JOSÉ ANTONIO HERNÁNDEZ-DIEZ
16 NOVEMBER - 4 JANUARY 2003
Almost Worm II, 2002
Cardboard, televisions, dvd, dvd player
21 x 222 x 16 inches

Almost Worm II, 2002
Cardboard, televisions, dvd, dvd player
21 x 222 x 16 inches
Almost Worm II video detail
Joan Petit II (The Artist Devouring his Son in a Pizza Style), 2002
Television, dvd, dvd player, cardboard, wood
72 x 15 x 17 inches
Joan Petit II (The Artist Devouring his Son in a Pizza Style), 2002
Television, dvd, dvd player, cardboard, wood
72 x 15 x 17 inches
Joan Petit II (The Artist Devouring his Son in a Pizza Style), 2002
Television, dvd, dvd player, cardboard, wood
72 x 15 x 17 inches
Romana and Napolitan, 2002
Cardboard, oil
Diptych; 77 x 40 x 32 inches each
Sandra Gering Gallery is pleased to present an exhibition of new work by José
Antonio Hernández-Diez from 16 November 2002 through 4 January 2003.
This is the Venezuelan artist's third solo exhibition at Sandra Gering Gallery.
It coincides with a major retrospective of Hernández-Diez's work co-curated by Dan Cameron,
Senior Curator and Gerardo Mosquera, Adjunct Curator New Museum of Contemporary Art,
New York. The retrospective is on view at the Palm Beach Institute of Contemporary Art through
November 17th, and will travel to SITE Santa Fe and the New Museum in 2003.

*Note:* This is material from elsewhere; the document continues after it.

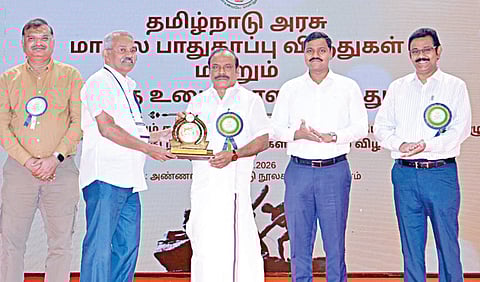 சென்னை, கோட்டூர்புரம், அண்ணா நூற்றாண்டு நூலகத்தில் நேற்று நடைபெற்ற நிகழ்ச்சியில் மாநில பாதுகாப்பு விருதுகளை அமைச்சர் சி.வி.கணேசன் வழங்கினார். உடன், துறை செயலாளர் கொ.வீரராகவ ராவ், தொழிலக பாதுகாப்பு மற்றும் சுகாதார இயக்குநர் செ.ஆனந்த், தேசிய பாதுகாப்பு குழும தமிழ்நாடு பிரிவு செயலாளர் ராஜ்மோகன் பழனிவேல்.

Through his sculptural and photographic work, Hernández-Diez has developed a personal
iconography centered on familiar, often domestic, objects. The ordinary is made extraordinary
through Hernández-Diez's provocative, darkly humorous use of material and scale.
Among a number of works by Hernández-Diez exhibited in the 2000 Carnegie International
were a series of gigantic, twisted, acrylic spoons both Pop and Surrealistic in nature.
A previous sculptural installation at Sandra Gering Gallery incorporated skateboards made of
fried pork skin. As Lisa Phillips, Director of the New Museum, says in her foreword to
the retrospective catalogue, these skateboards "form part of a complex vocabulary derived
from the artist's deep fascination with the ordinary as a mask for the truly bizarre."
At Sandra Gering Gallery, Hernández-Diez will exhibit a version of his Almost Worm
video sculpture. In Almost Worm, cardboard boxes form the body and head of a giant,
low-tech "worm". To represent the worm's feet, Hernández-Diez places a row of televisions
under the cardboard, all playing a video of the artist's tongue licking the floor.
Futility is a recurrent theme in Hernández-Diez's work, echoed here by the
uselessness of his tongue's repetitive motion.